The following results are taken after running the STREAM benchmark version 5.6 with various numbers of threads (only triad scores are shown).
It is easy to see that STREAM does not benefit from having more threads on this particular platform (a single-socket Intel® Core™ 2 Quad-based system). Closer inspection of the results shows that even though there was a slight increase in the triad score for the two-thread version, the four-thread version performed even worse than the single threaded run.
Figure 2 shows Intel Thread Profiler analysis of the benchmark. The timeline view reveals that all threads are perfectly balanced and have no synchronization overheads. While it is a powerful tool for identifying threading performance issues at application level, Intel Thread Profiler will not detect memory bandwidth saturation in threaded applications.

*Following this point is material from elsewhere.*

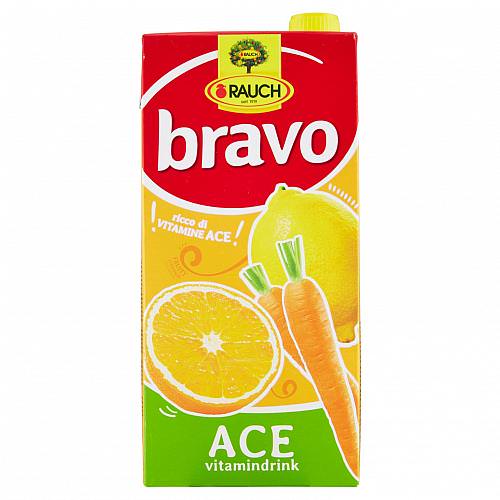 BRAVO ACE LT.2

Figure 2. Intel Thread Profiler timeline view of the STREAM benchmark using four OpenMP* threads.
Intel® VTune™ Performance Analyzer and Performance Tuning Utility (PTU) used in combination with event-based sampling (EBS), can help developers measure application bandwidth usage, which can then be checked against the achievable (or theoretical) bandwidth on the system. Event-based sampling relies on the performance monitoring unit (PMU) supported by the processors.
VTune analyzer and PTU can help developers estimate the memory bandwidth usage of a particular application by using EBS. On Intel® Core™ 2 microarchitecture CPU_CLK_UNHALTED.CORE and BUS_TRANS_MEM.ALL_AGENTS performance events can be used to estimate the memory bandwidth.
- The CPU_CLK_UNHALTED.CORE event counts the number of core cycles while the core is not in a halt state. The core enters the halt state when it is running the HLT instruction.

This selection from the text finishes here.